[[ Source material open ]]

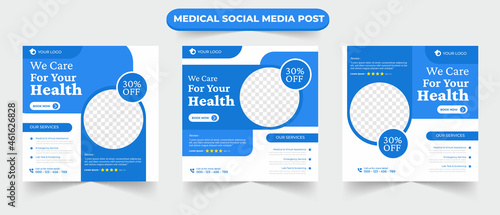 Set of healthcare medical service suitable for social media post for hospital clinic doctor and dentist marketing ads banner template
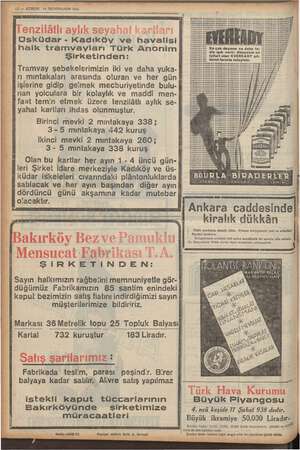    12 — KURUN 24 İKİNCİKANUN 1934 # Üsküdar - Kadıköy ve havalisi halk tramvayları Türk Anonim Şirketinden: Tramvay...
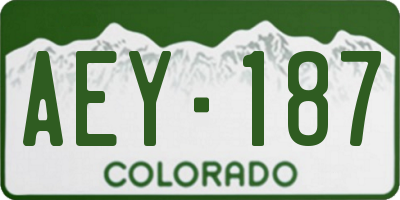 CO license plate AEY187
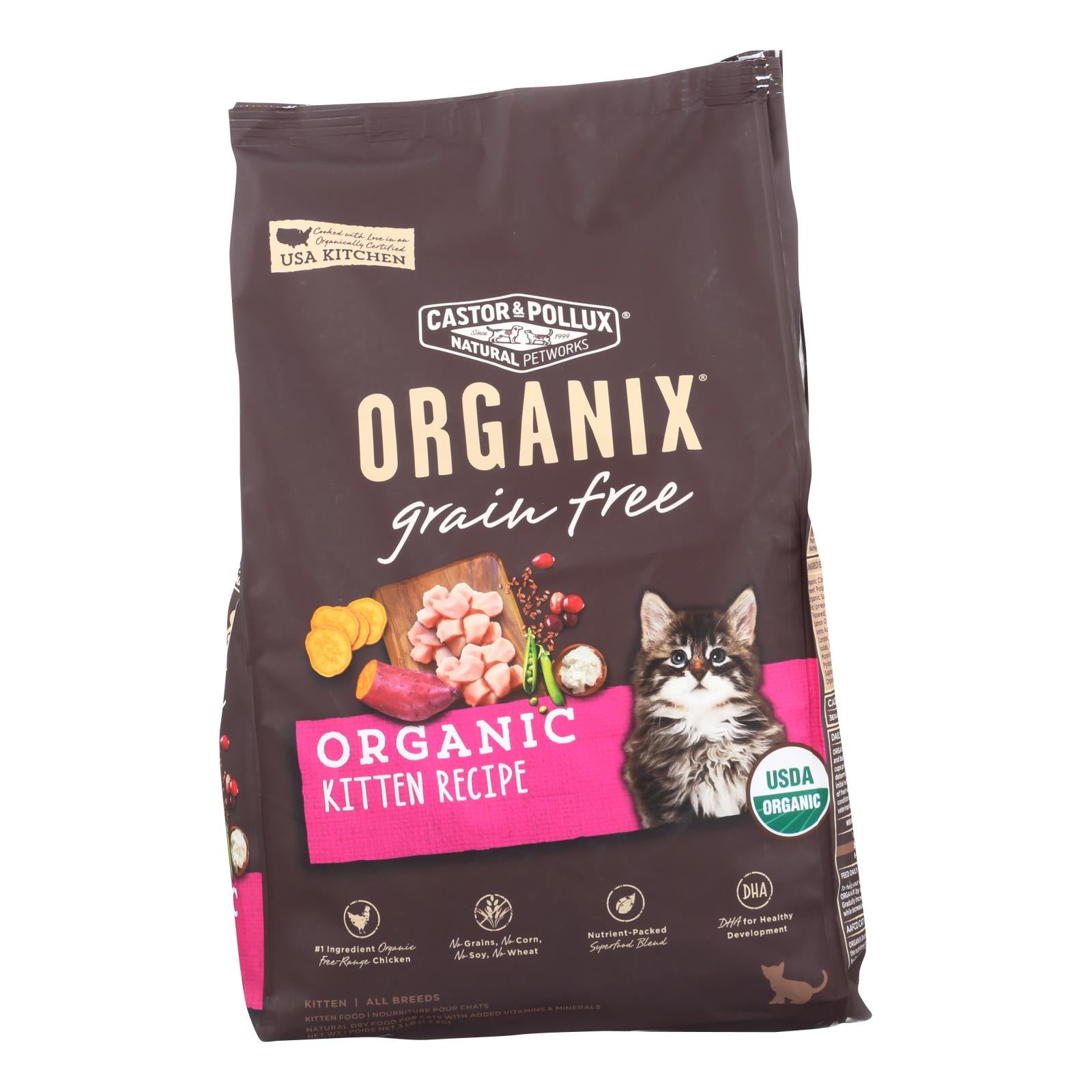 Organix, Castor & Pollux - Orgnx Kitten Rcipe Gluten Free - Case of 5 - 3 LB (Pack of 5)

[[ Source material closed ]]
[[ Source material open ]]

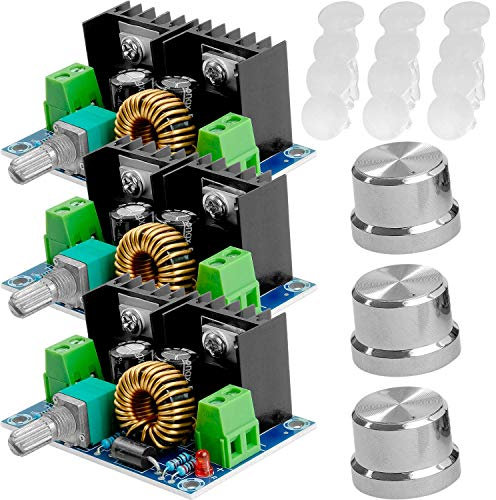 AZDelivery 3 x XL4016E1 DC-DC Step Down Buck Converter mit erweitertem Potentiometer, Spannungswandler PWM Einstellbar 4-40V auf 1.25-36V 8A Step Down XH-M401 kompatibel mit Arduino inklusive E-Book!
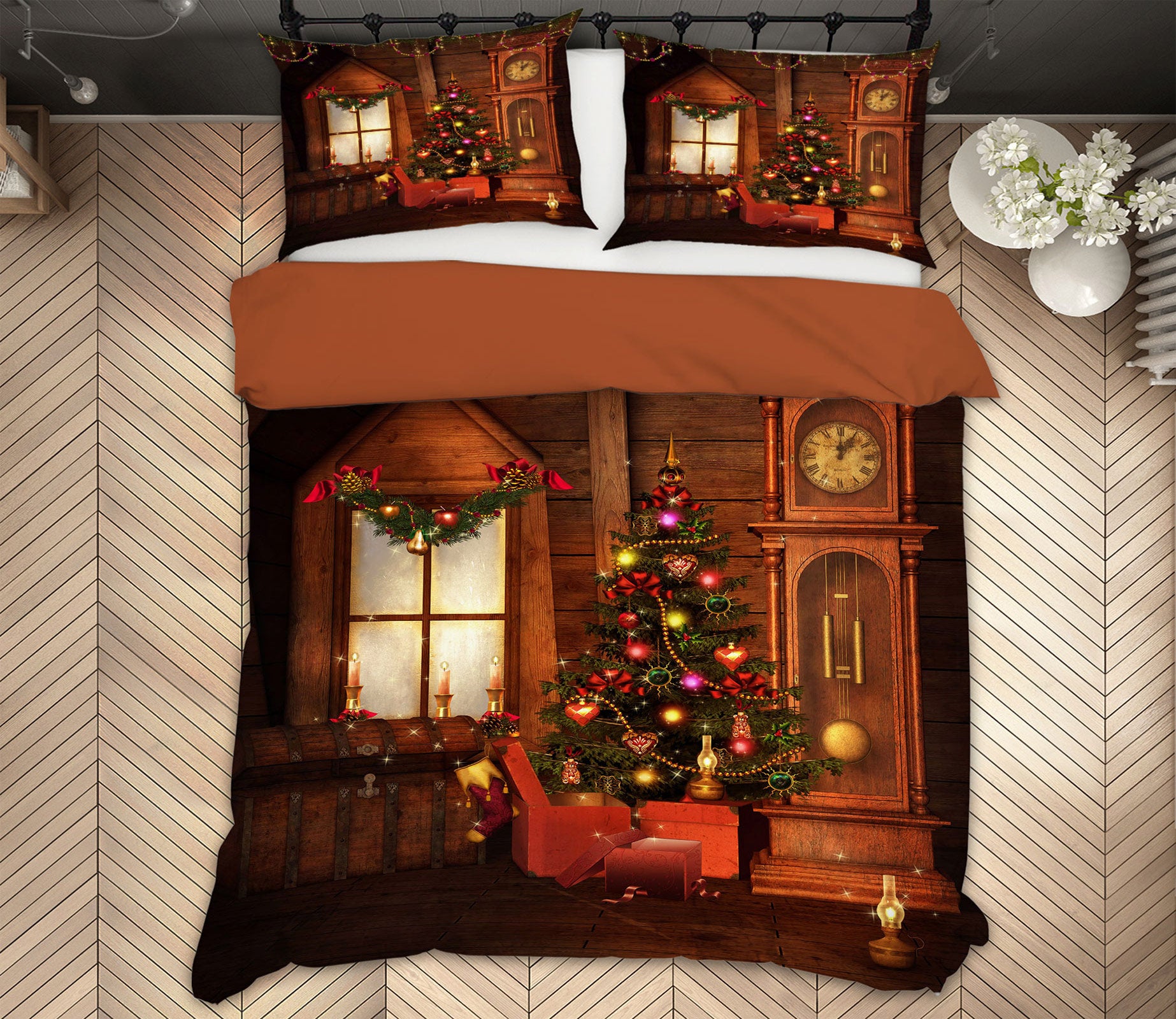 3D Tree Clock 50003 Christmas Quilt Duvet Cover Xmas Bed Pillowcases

[[ Source material closed ]]
[[ Source material open ]]

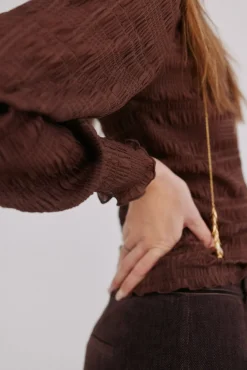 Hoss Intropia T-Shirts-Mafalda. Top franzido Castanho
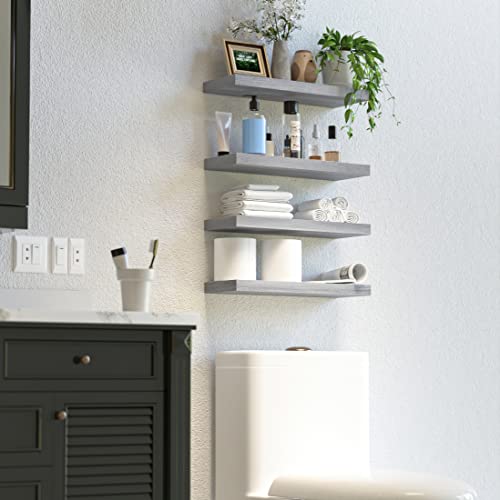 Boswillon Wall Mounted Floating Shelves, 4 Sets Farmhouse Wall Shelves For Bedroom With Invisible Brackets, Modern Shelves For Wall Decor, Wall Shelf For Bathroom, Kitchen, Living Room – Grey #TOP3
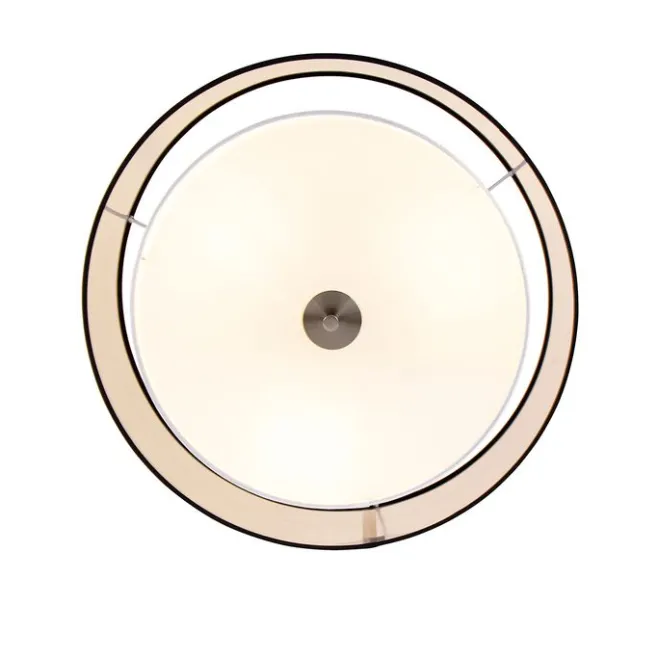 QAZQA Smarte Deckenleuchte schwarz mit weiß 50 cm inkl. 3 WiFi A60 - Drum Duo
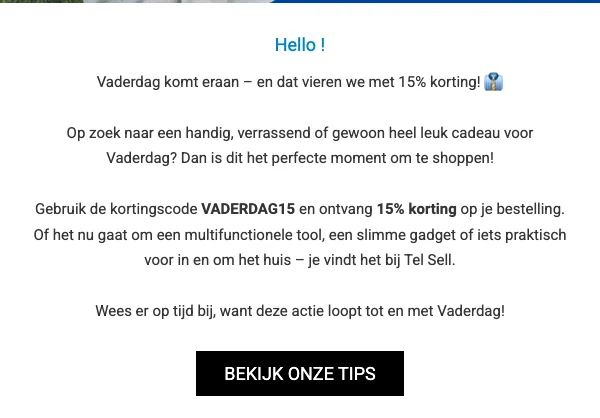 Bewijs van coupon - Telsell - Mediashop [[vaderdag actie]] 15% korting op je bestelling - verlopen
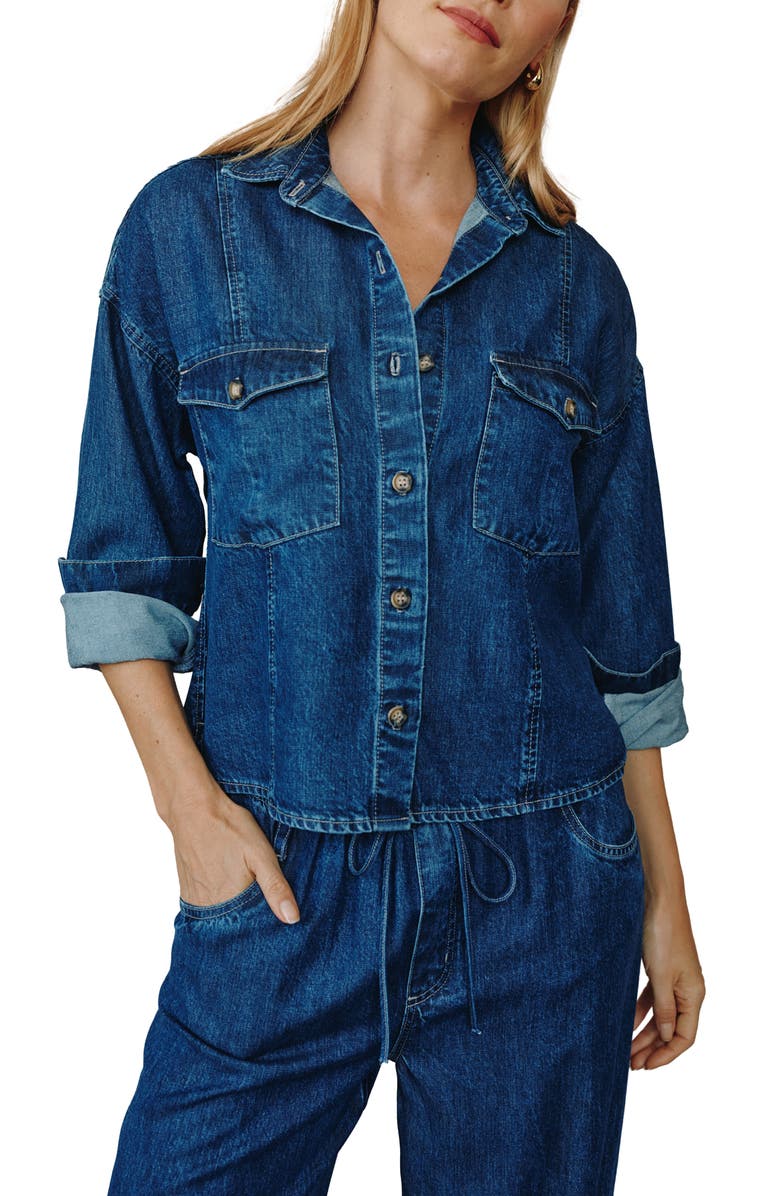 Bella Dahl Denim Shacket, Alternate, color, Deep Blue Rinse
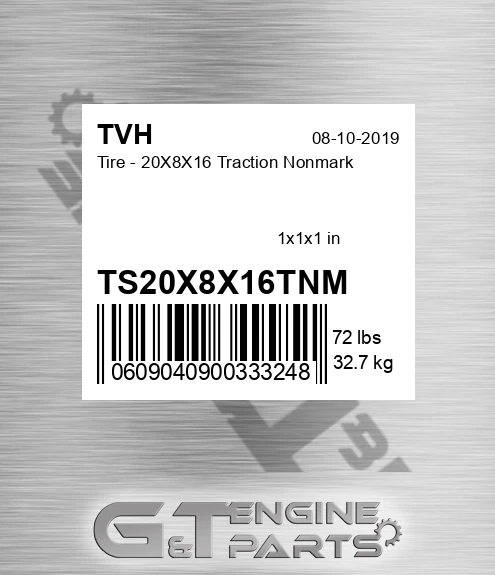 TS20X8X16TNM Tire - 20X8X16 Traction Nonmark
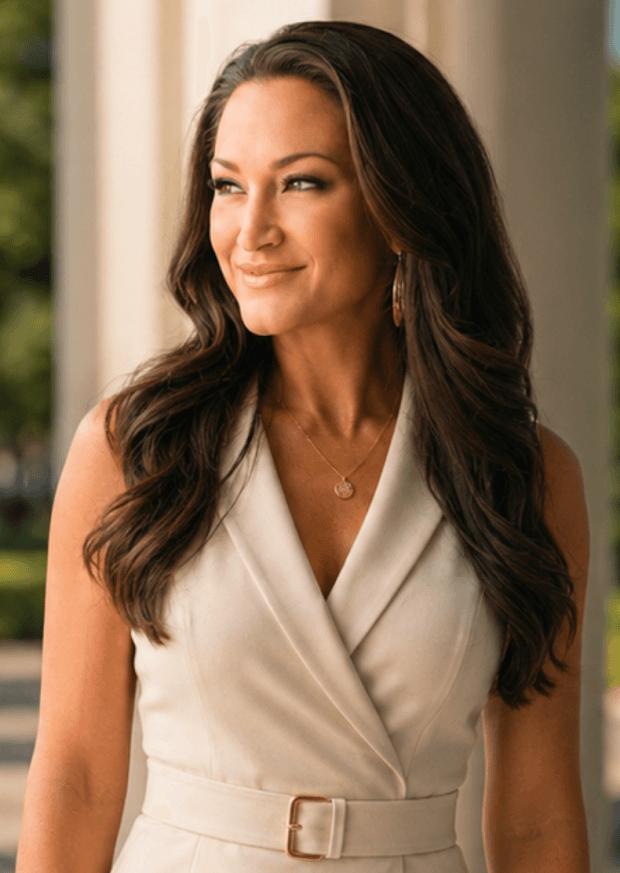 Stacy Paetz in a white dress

[[ Source material closed ]]

**Work required**. Give again the stretch of the entries above that begins at the line with "Set of healthcare" and ends at the line with "Organix, Castor &", word for word, with no pictures.

**Response below**.
 Set of healthcare medical service suitable for social media post for hospital clinic doctor and dentist marketing ads banner template
    12 — KURUN 24 İKİNCİKANUN 1934 # Üsküdar - Kadıköy ve havalisi halk tramvayları Türk Anonim Şirketinden: Tramvay...
 CO license plate AEY187
 Organix, Castor & Pollux - Orgnx Kitten Rcipe Gluten Free - Case of 5 - 3 LB (Pack of 5)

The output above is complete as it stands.